Beiträge zur gesetzlichen oder privaten Kranken- und Pflegeversicherung sollen ab 2010 besser von der Steuer absetzbar sein. Das sieht das Bürgerentlastungsgesetz der Bundesregierung vor. Die Regierung ist zu einer Neuregelung ab dem Jahr 2010 verpflichtet, weil das Bundesverfassungsgericht (BVerfG) das bisherige Gesetz Anfang 2008 für verfassungswidrig erklärt hatte (Aktenzeichen: 2 BvL 1/06).

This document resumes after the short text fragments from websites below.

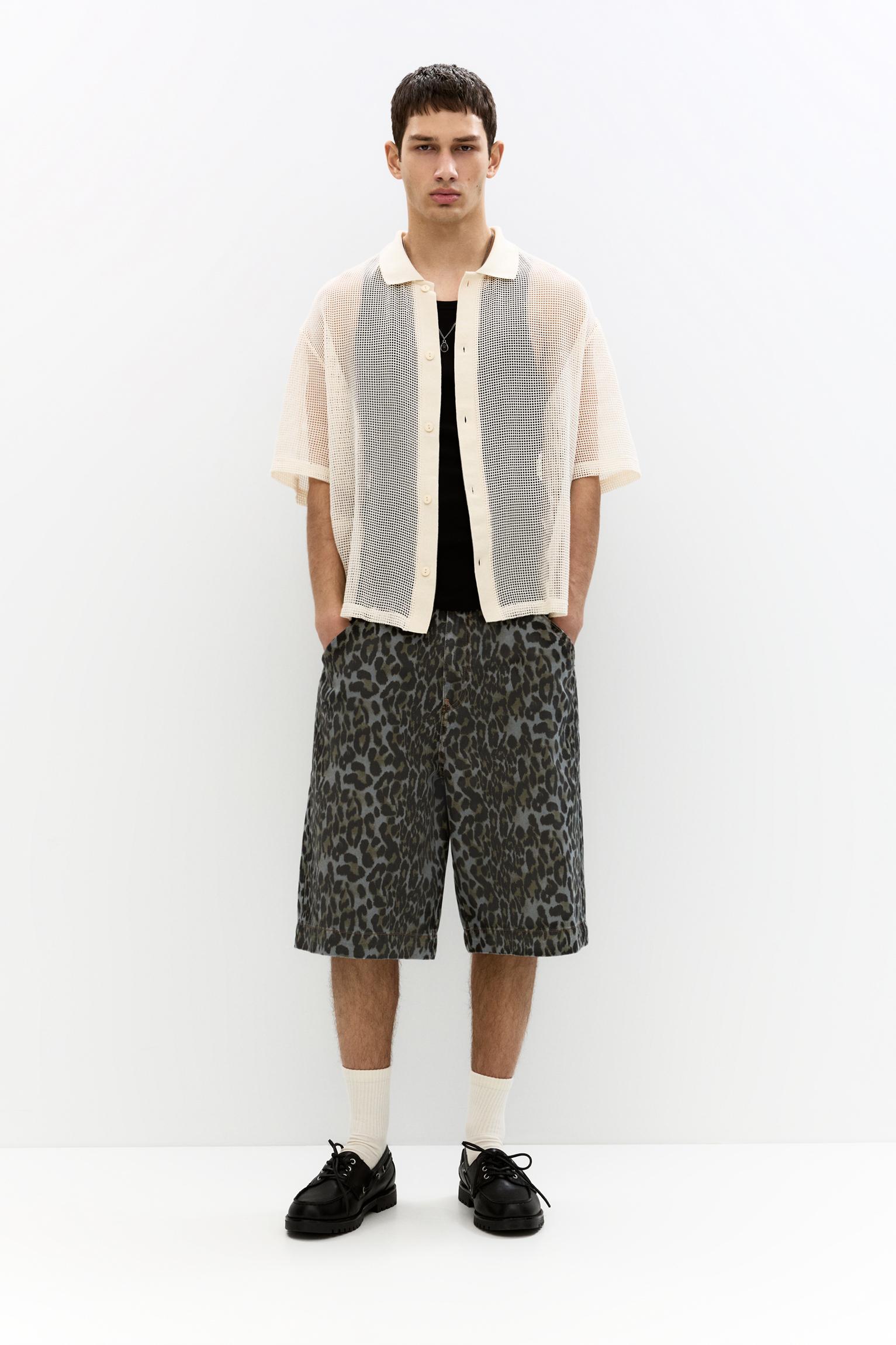 Leopard animal print jorts Product Image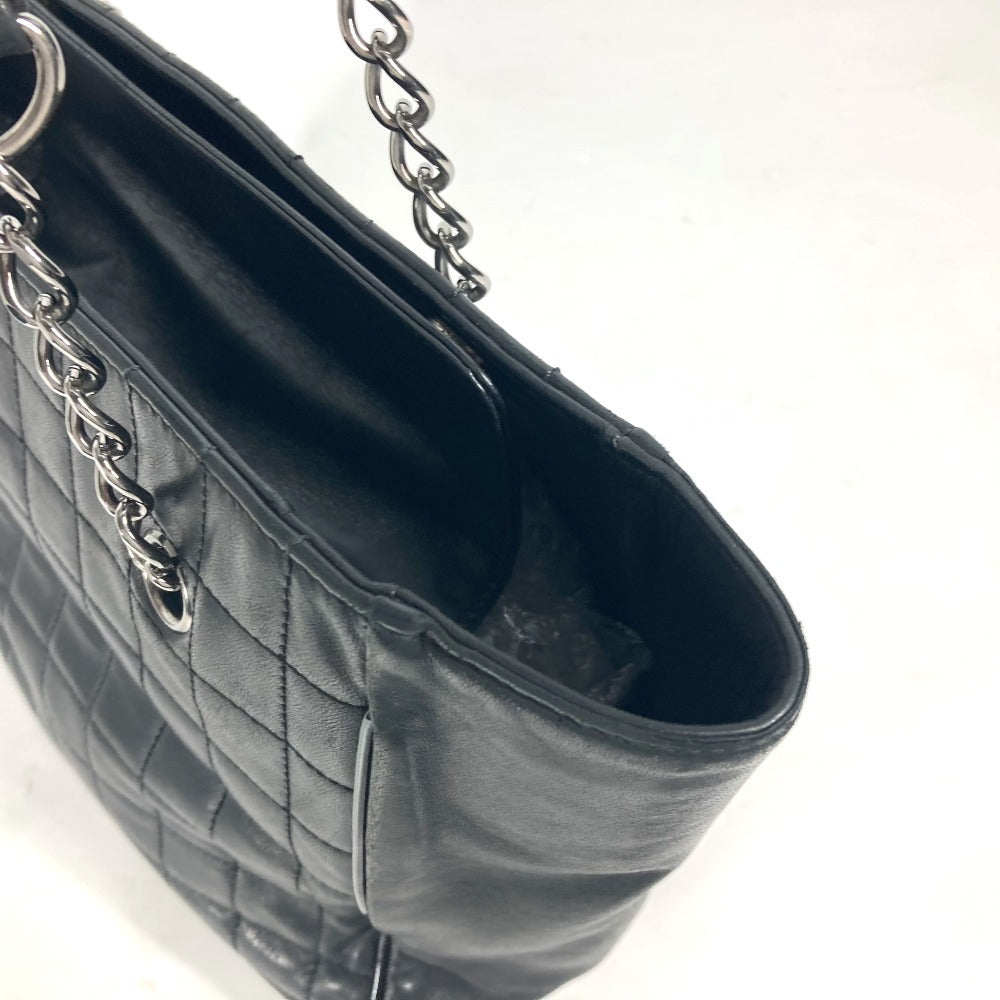 CHANEL カメリア NO5 アイコン チョコバー 肩掛け カバン トートバッグ チェーンバッグ ショルダーバッグ レザー レディース ブラック - brandshop-reference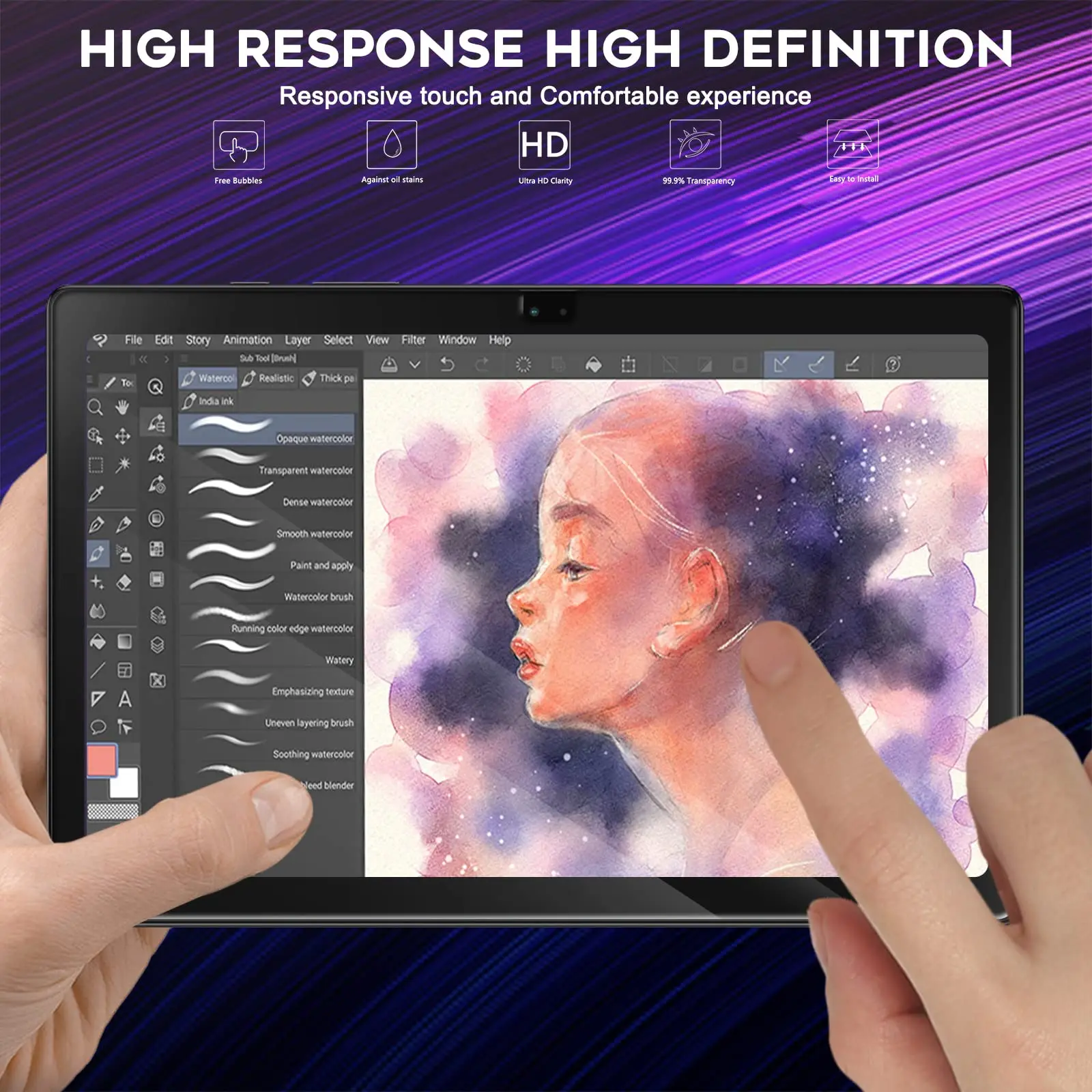 Premium Tempered Glass Screen Protector - Clear Anti-Scratch HD Film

Hintergrund: Bislang lassen sich Beiträge zur Krankenversicherung nur zum Teil und innerhalb einer jährlichen Höchstgrenze als Sonderausgaben von der Steuer absetzen. Der Bundesfinanzhof (BFH) hatte 2006 daran gezweifelt, dass dieser beschränkte Steuerabzug verfassungsgemäß ist. Der Sonderausgaben-Höchstbetrag hindere den Steuerzahler daran, für einen angemessenen Versicherungsschutz zu sorgen (Aktenzeichen: X R 20/04). Das Bundesverfassungsgericht bestätigte am 13. Februar 2008 die BFH-Entscheidung und setzte dem Gesetzgeber eine Frist bis zum 31. Dezember 2009, um ein neues Gesetz zu verabschieden.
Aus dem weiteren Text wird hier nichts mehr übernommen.